The CBC also formed the CBC Symphony Orchestra in Toronto in 1952, relying heavily on members of the Toronto Symphony. The ensemble had weekly broadcasts until it was disbanded in 1964.

==Demise==
The orchestra was disbanded on November 16, 2008, with its final concert on that date ending its 70-year existence.

The orchestra's disbanding was unpopular in the classical music community, and there was significant coverage in the media including a long front-page article in the Vancouver Sun, a prominent article in Vancouver's Georgia Straight and coverage in The New York Times. There were also protests outside CBC locations across Canada. Several Members of Parliament from different parties expressed their opposition to the orchestra's demise at a meeting of the House Standing Committee on Canadian Heritage on May 2, 2008; Bill Siksay (NDP - Burnaby—Douglas), Denis Coderre (Liberal Canadian Heritage Critic), Joyce Murray (Liberal - Point Grey) and Ed Fast (Conservative - Abbotsford).

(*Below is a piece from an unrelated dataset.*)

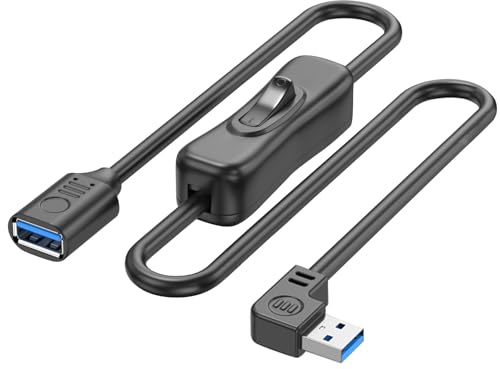 YINGAYOU USB 3.0 förlängningskabel 90 grader med brytare kort USB-förlängningskabel med omkopplare stöder 5 Gbps dataöverföring och laddning, lämplig för bärbara datorer och PC (Vänster, 15 cm)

==National Broadcast Orchestra==

On November 1, 2008, CBCRO musical director Alain Trudel announced that the orchestra would attempt to continue independently of the CBC, as the National Broadcast Orchestra of Canada with plans to perform six to 10 concerts a year with a contingent of between 35 and 50 players. The NBO would have a projected budget of $1 million to be provided through fundraising though the ensemble hopes to eventually qualify for government grants. Trudel says the orchestra will continue to concentrate on North American music and new works by Canadian composers and intends to be a multimedia orchestra utilizing webcasting as well as undertaking radio and television projects. This attempt failed as nothing further was heard from the NBO and Trudel. In 2010 the orchestra, based in Vancouver, prepared for its first concert; the program included The Sparrow’s Ledger, a CBC-commissioned composition by Michael Oesterle.